__HOW TO COMPLETE THIS TASK__
When you retype the data, keep every word exactly and include none of the pictures.

__STORED DATA__
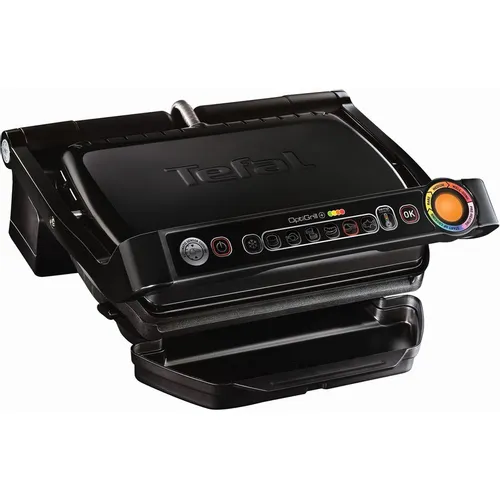 Электрогриль Tefal Optigrill+ GC714834, черный [7211002749]
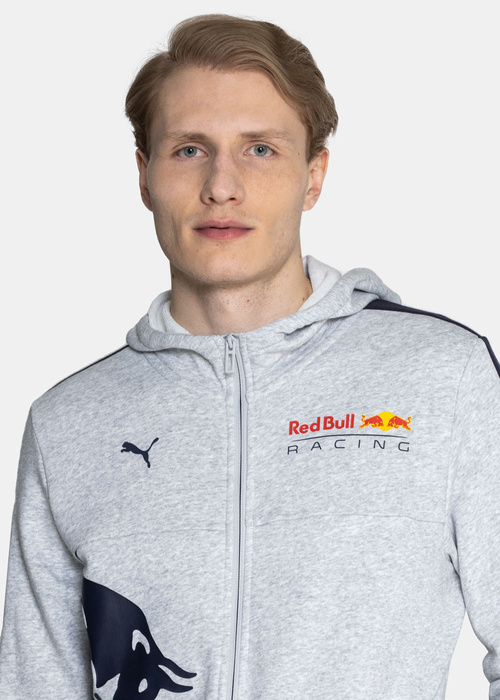 Puma Red Bull Racing Hoodie (763107-02)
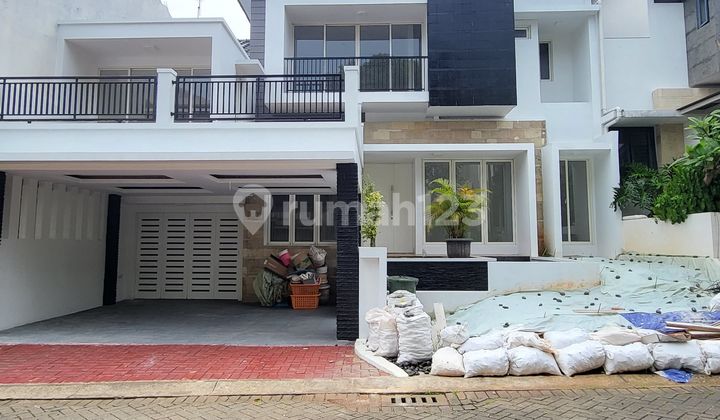 Disewakan Rumah di Kebayoran Bintaro Sektor 7 - Tangsel 2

__SOLVED PROBLEM__
 Электрогриль Tefal Optigrill+ GC714834, черный [7211002749]
 Puma Red Bull Racing Hoodie (763107-02)
 Disewakan Rumah di Kebayoran Bintaro Sektor 7 - Tangsel 2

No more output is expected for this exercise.